19 Oct 2017 | Jiuxiang Gu, Zhenhua Wang, Jason Kuen, Lianyang Ma, Amir Shahroudy, Bing Shuai, Ting Liu, Xingxing Wang, Li Wang, Gang Wang, Jianfei Cai, Tsuhan Chen
This paper provides a comprehensive survey of recent advances in Convolutional Neural Networks (CNNs). CNNs have become a cornerstone of deep learning, achieving state-of-the-art results in various tasks such as image recognition, speech recognition, and natural language processing. The paper discusses improvements in CNNs across multiple aspects, including layer design, activation functions, loss functions, regularization, and optimization. It also covers various applications of CNNs in computer vision, speech, and natural language processing.
The paper begins with an introduction to CNNs, tracing their development from the early work of Hubel and Wiesel to the modern architectures like LeNet-5, AlexNet, and more recent ones such as ResNet.
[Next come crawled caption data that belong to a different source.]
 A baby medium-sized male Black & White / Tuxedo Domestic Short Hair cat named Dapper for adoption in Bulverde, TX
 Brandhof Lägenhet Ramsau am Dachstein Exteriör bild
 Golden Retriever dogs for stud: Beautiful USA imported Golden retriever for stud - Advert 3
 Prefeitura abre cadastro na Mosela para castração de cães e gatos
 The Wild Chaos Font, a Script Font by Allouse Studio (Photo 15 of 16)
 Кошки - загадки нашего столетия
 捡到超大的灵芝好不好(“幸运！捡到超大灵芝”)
It then provides an overview of the basic components of CNNs, including convolutional, pooling, and fully-connected layers. The paper then delves into various improvements in CNNs, such as tiled convolution, transposed convolution, dilated convolution, and network-in-network. It also discusses recent advancements in pooling layers, including Lp pooling, mixed pooling, stochastic pooling, spectral pooling, and spatial pyramid pooling.
The paper further explores activation functions, including ReLU, Leaky ReLU, Parametric ReLU, Randomized ReLU, ELU, and Maxout. It discusses loss functions such as hinge loss, softmax loss, contrastive loss, triplet loss, and Kullback-Leibler divergence. The paper also covers regularization techniques like ℓp-norm regularization, dropout, and dropconnect. Finally, it discusses optimization techniques, including data augmentation and weight initialization.
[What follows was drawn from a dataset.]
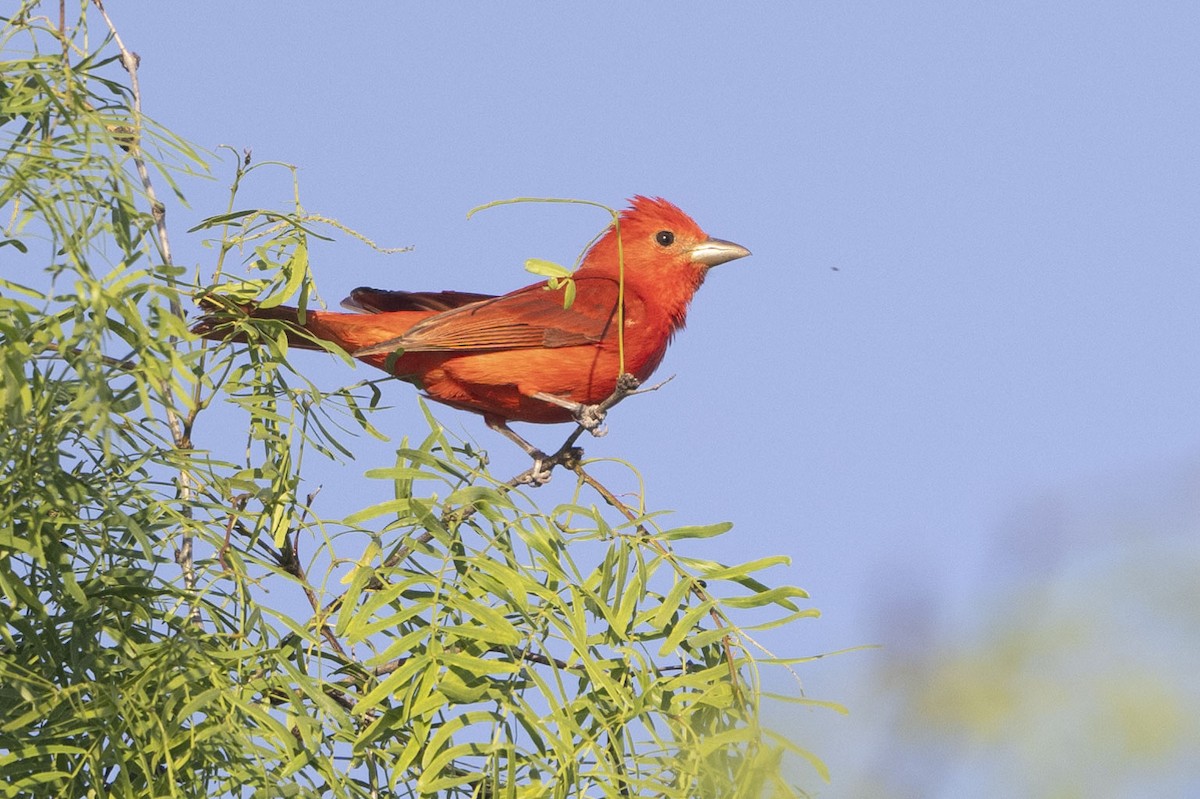 Summer Tanager - Reed Robinson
Overall, the paper provides a detailed review of the latest advancements in CNNs, highlighting the key improvements and their impact on various tasks. It serves as a valuable resource for researchers and practitioners interested in the latest developments in deep learning and CNNs.This paper provides a comprehensive survey of recent advances in Convolutional Neural Networks (CNNs). CNNs have become a cornerstone of deep learning, achieving state-of-the-art results in various tasks such as image recognition, speech recognition, and natural language processing. The paper discusses improvements in CNNs across multiple aspects, including layer design, activation functions, loss functions, regularization, and optimization. It also covers various applications of CNNs in computer vision, speech, and natural language processing.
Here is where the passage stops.